PYSANUM

PYSANUM

Pisan Young Seminars in Applied and NUmerical Mathematics

Informal seminar series on numerical analysis and applied mathematics aimed at students.
The aim of the meetings is to present numerical analysis research topics in an accessible manner and to involve interested students. The seminars will have an introductory first part and will also be accessible to those unfamiliar with the subject.
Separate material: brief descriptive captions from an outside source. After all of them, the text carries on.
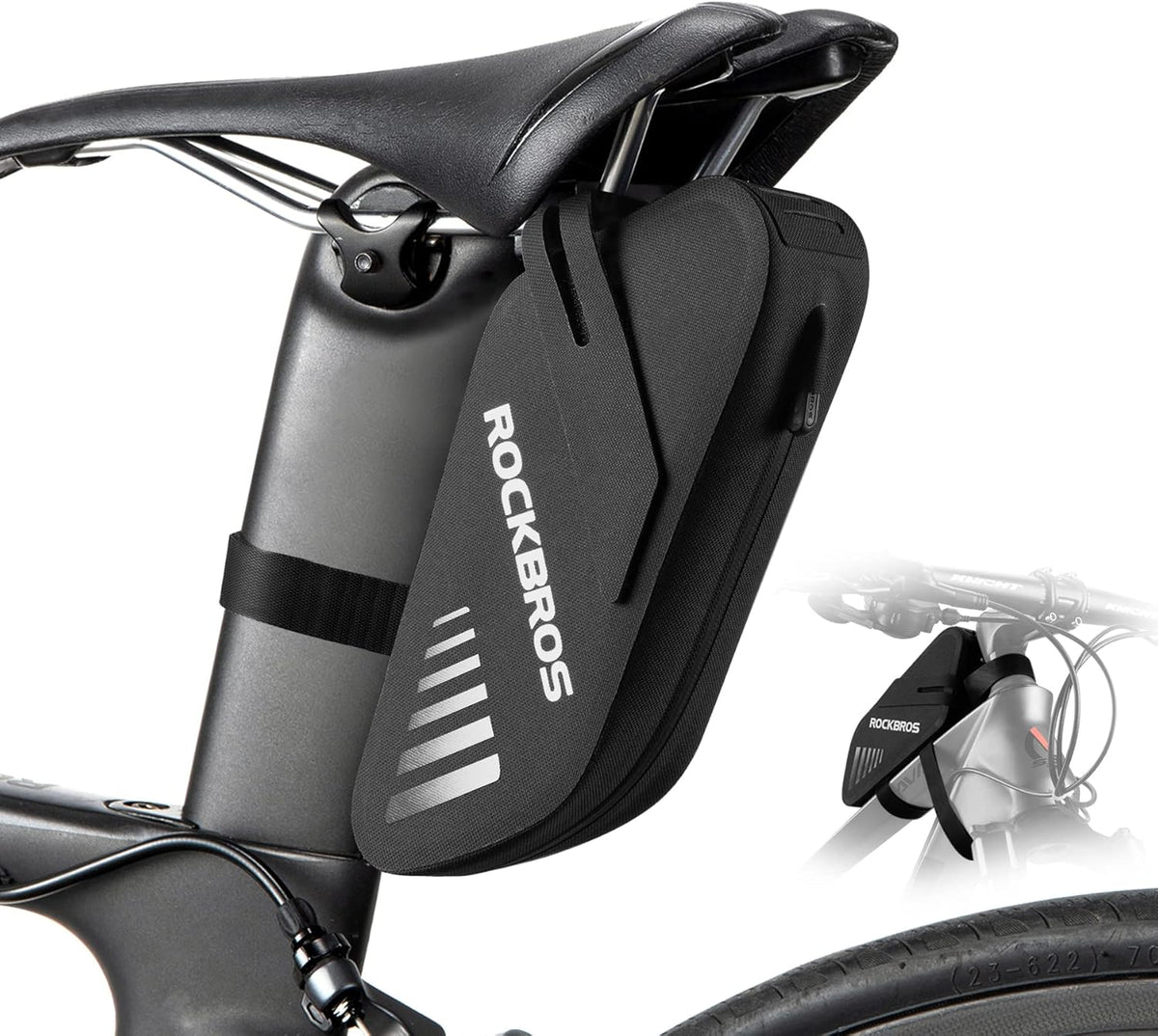 ROCKBROS Bike Seat Bag Waterproof Bicycle Saddle Bag 0.6L Bike Frame Bag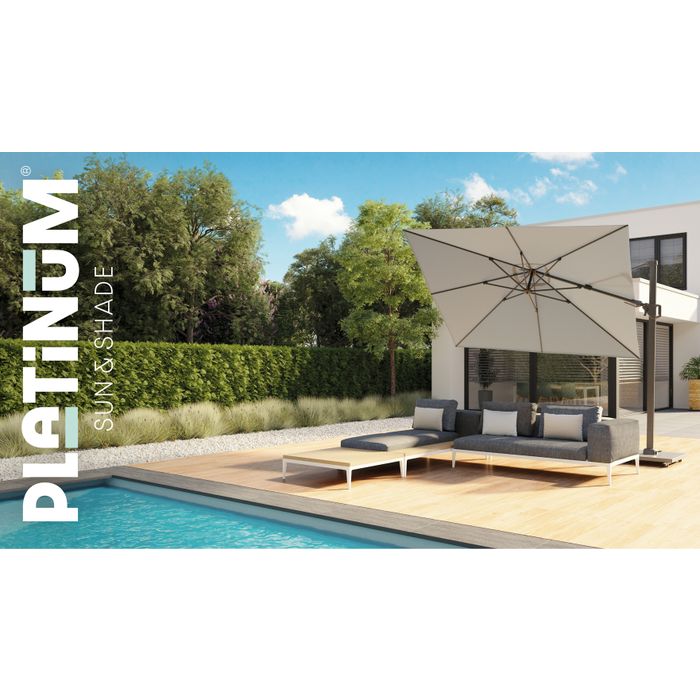Platinum Challenger zweefparasol T2 3x3m (excl. voet) white 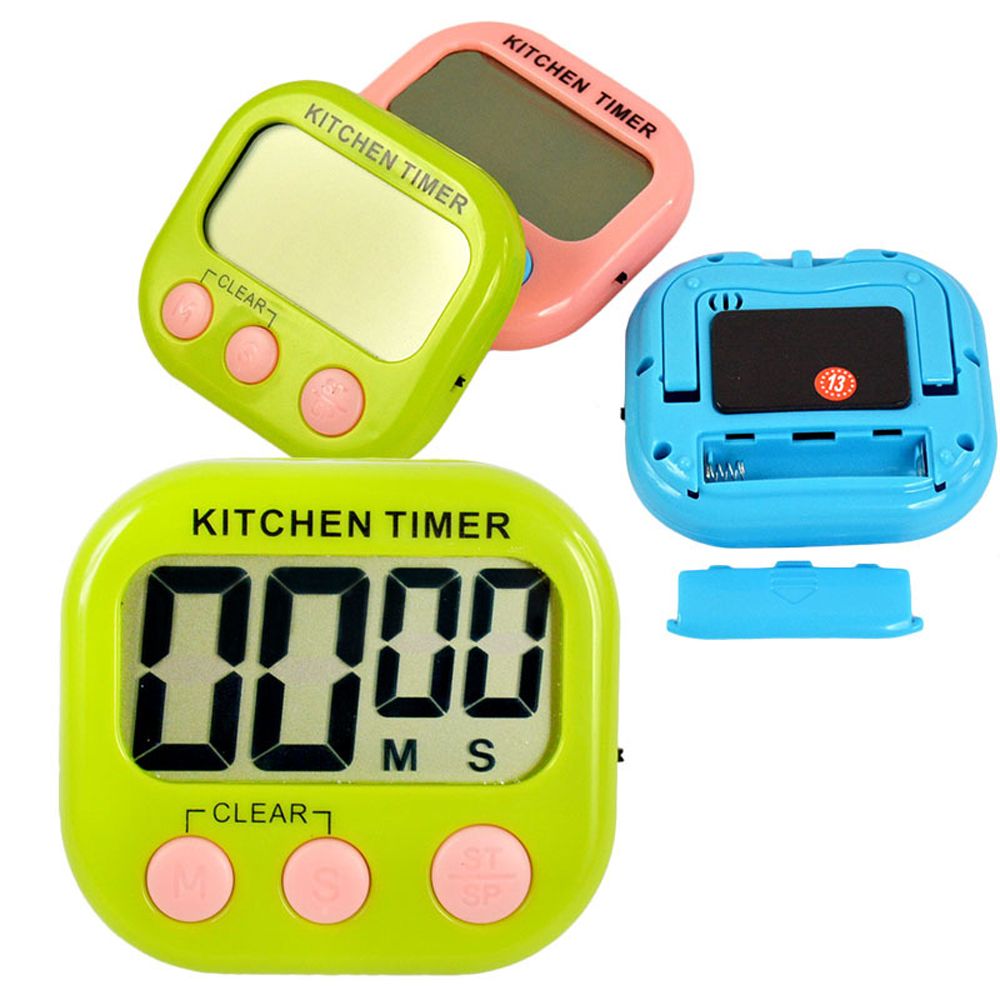 Magnetic LCD Digital Kitchen Countdown Timer Alarm with Stand White Kitchen Timer Practical Cooking Timer Alarm Clock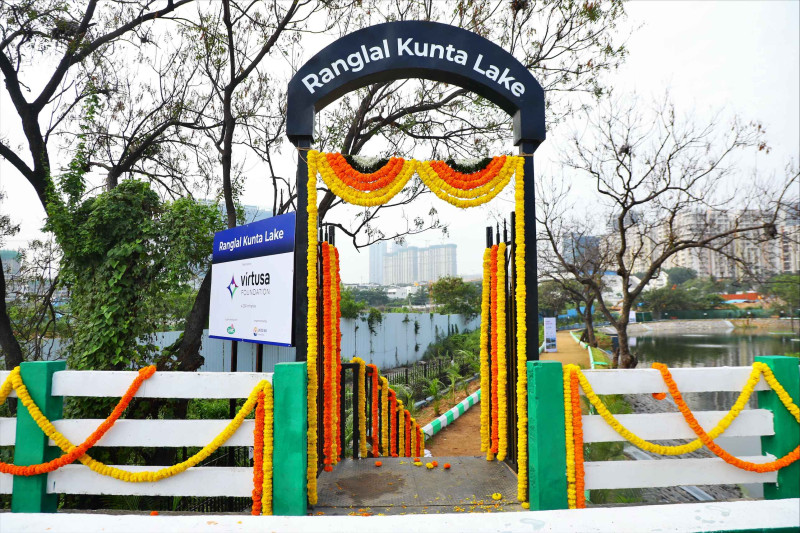 Virtusa Foundation Restores Ranglal Kunta Lake in Hyderabad's Financial District decoding=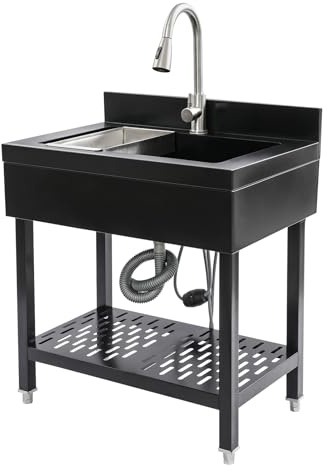 Lavando in acciaio inossidabile a libera installazione, lavello singolo, lavello da cucina rettangolare con piedistallo, lavello mobile per cucina, garage, esterno (70 * 50 * 90cm)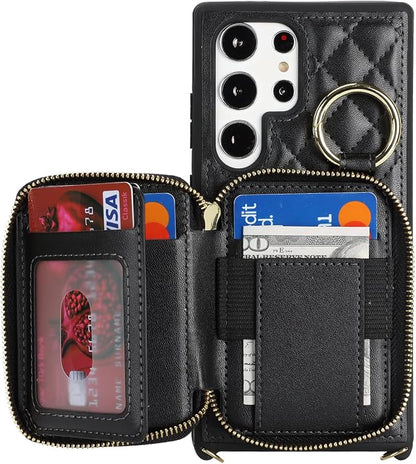 Crossbody Wallet Case for Galaxy S24 Ultra, PU Leather Zipper Handbag Purse Flip Cover, Kickstand Folio Case with Card Slots Holder Wrist Strap Lanyard -Black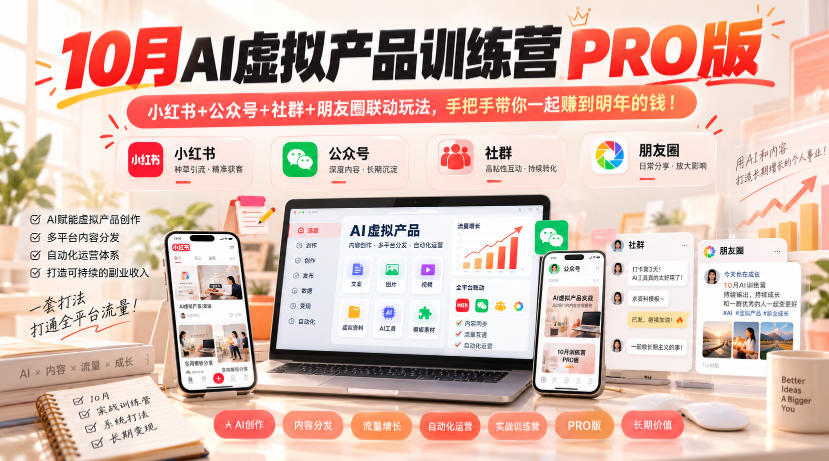 10月AI虚拟产品训练营PRO版,小红书+公众号+社群+朋友圈联动玩法,手把手带你一起赚到明年的钱!(更新1029)-皮皮网创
They will be held mainly in Italian, in line with the informal tone of the series.
Master’s students and Bachelor’s students who are familiar with the contents of the Scientific Computing course are encouraged to attend.
Organised by PhD students from the University of Pisa and the Scuola Normale Superiore.

Upcoming Seminars

 11.00 – 25 February 2025
 Francesca Santucci (IMT Alti Studi Lucca)
Aula Riunioni, Dipartimento di Matematica
 Spatial Patterns of Laplacian Eigenmodes in Complex Networks
Complex systems consist of many interacting components, typically exhibiting features such as self-organization, critical transitions, or emergent phenomena.
Network science is particularly useful for studying these kinds of systems, modeling them as graphs, mathematical objects made of nodes (representing the system’s components) and links (representing their interactions).
Beyond graph theory, a more physics-inspired perspective offers additional tools (borrowed, in particular, from statistical physics) for analyzing networks.
Following this approach, we will explore the tight connection between dynamical processes on networks and the topology underneath them.
We will focus in particular on processes governed by the Graph Laplacian, denoted as $\hat{L}$, evolving over time as $\boldsymbol x(\tau)=e^{-\tau \hat{L}}\boldsymbol x(0)$. This equation is valid for diffusion, but also provides a first order description of more general dynamics near the steady state.
We will see the diffusion-based theoretical framework known as the Laplacian Renormalization Group, accounting for the communicability properties of a network and able to unveil its multiscale hierarchical nested structures.
Key tools in this framework, suggesting intriguing physical analogies, include the Graph Density Matrix, which quantifies diffusion streamlines between pairs of nodes, and the Graph Entropy, which measures the heterogeneity of the system’s state after a given diffusion time, and can be considered as an order parameter for second order transitions between diffusion aggregation phases.
We will show that such transitions identify classes of links based on diffusion timescales, corresponding to specific diffusivity modes in the Fourier space and revealing the graph’s topological organization. Finally, we will explain the deep connection between nested modules, Laplacian eigenmodes, and diffusion time scales in hierarchical modular graphs.